As it turns out, management and investors weren't the only ones impressed with Vonage Holdings' (VG) third-quarter results. Some analysts are now taking action following the solid report.
Oppenheimer's analyst team of Timothy Horan and Ray McDonough raised their price target on the shares by $1 to $8, while maintaining their "Outperform" rating. The analysts said in a research note late Wednesday that the price target hike "assumes accelerating growth driven by the Nexmo acquisition and EBITDA margin expansion after 2018 to 19% by 2020." (EBITDA is a standard valuation metric that stands for earnings before interest, taxes, depreciation and amortization.)
Shares were rising 1% during midday trading Thursday, to around $7.14. The movement follows substantial gains on Wednesday, when the stock jumped by as much as 17%.

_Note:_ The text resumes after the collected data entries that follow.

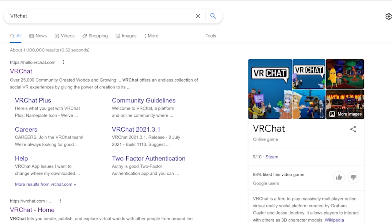Hello everyone, it's me non skiller. Today we are going to figure out how to get VRChat. One easy way is just by typing VRChat into Google and pressing on the top result on your screen.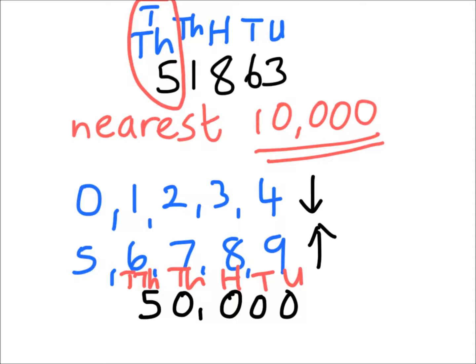And we'd end up with an answer of 40,000 instead of 50,000. The reason we don't change the digit is because when we round down, we're actually getting rid of this 1,863. And that's what we're doing when we round down.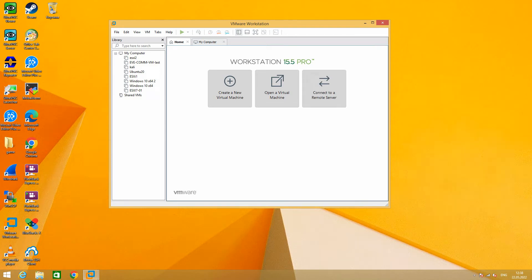Hello everybody. Today I will show you how to prepare an EVE-NG network emulator. I will show you how to run EVE-NG on VMware Workstation and access virtual routers from your computer. In my case I will use virtual devices. It's easier and it is my test environment where I can do what I want. You can use physical network devices, it's up to you. Let's download EVE-NG Community.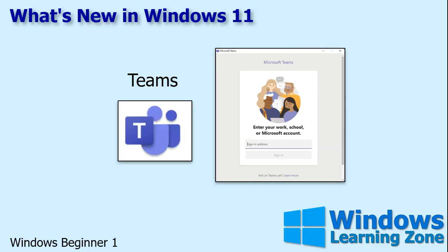Microsoft Teams is now included with Windows 11, and that's Microsoft's answer to Zoom. During the pandemic, everyone was video conferencing, so Microsoft decided to include Teams with the newest version of Windows. Teams is going to get its own separate lesson or three, so stay tuned for that.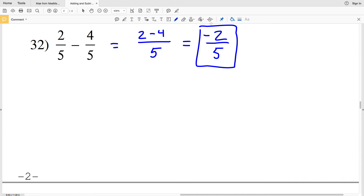That wraps it up for this worksheet. Again, this worksheet is under the adding and subtracting rational numbers link, so go ahead and click the link below to access it. Don't forget to like this video and subscribe to my channel.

The analysts with Oppenheimer said that the business revenues -- excluding the recent Nexmo acquisition -- were solid, with 36,000 new seat adds, which was higher than their estimate of 15,000. Furthermore, with Nexmo's cloud communications platform in the portfolio, there are strong cross-selling opportunities for Vonage.
"VG launched a next-gen voice application interface for [Communications Platform as a Service] and continues to develop value-added services for this platform with strong cross-selling with [Unified Communications as a Service]," Horan and McDonough wrote. (UCaaS refers to a service model where providers deliver telecom or communications software applications or services [think Nexmo], usually through the Web.)

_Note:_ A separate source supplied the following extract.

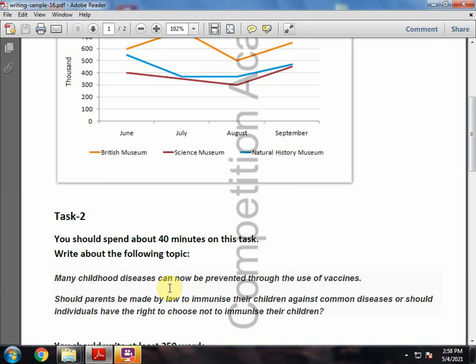If you have the right to choose for your family, the mother is always the first doctor of the family, so they can treat their children in healthy ways. If you have the right to choose for your children, then you can exercise that right.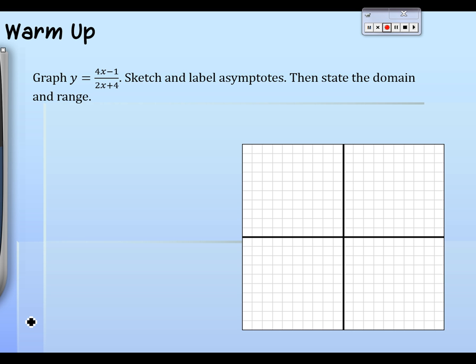I don't plan to give you any class time for it, but if you have questions, come on by and I'll help you. I'd be happy to look it over before you officially hand it in. I want every single person to get a perfect score — there's no reason not to. Don't not hand it in. You do need a calculator.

However, they did cite some concerns about gross margins, which they expect to scale as Nexmo does. The Oppenheimer analysts still anticipate stable EBITDA margins in the 15% to 16% range through 2017 on increased research and development and sales expense to capture the "huge" CPaaS opportunity -- which they believe is the right strategy.
"As the company expands its platform functionality, we expect it will be instrumental in expanding the overall market/continue to take its fair share of the UCaas/CPaaS market, resulting in accelerating growth and a sticky customer base," Horan and McDonough wrote.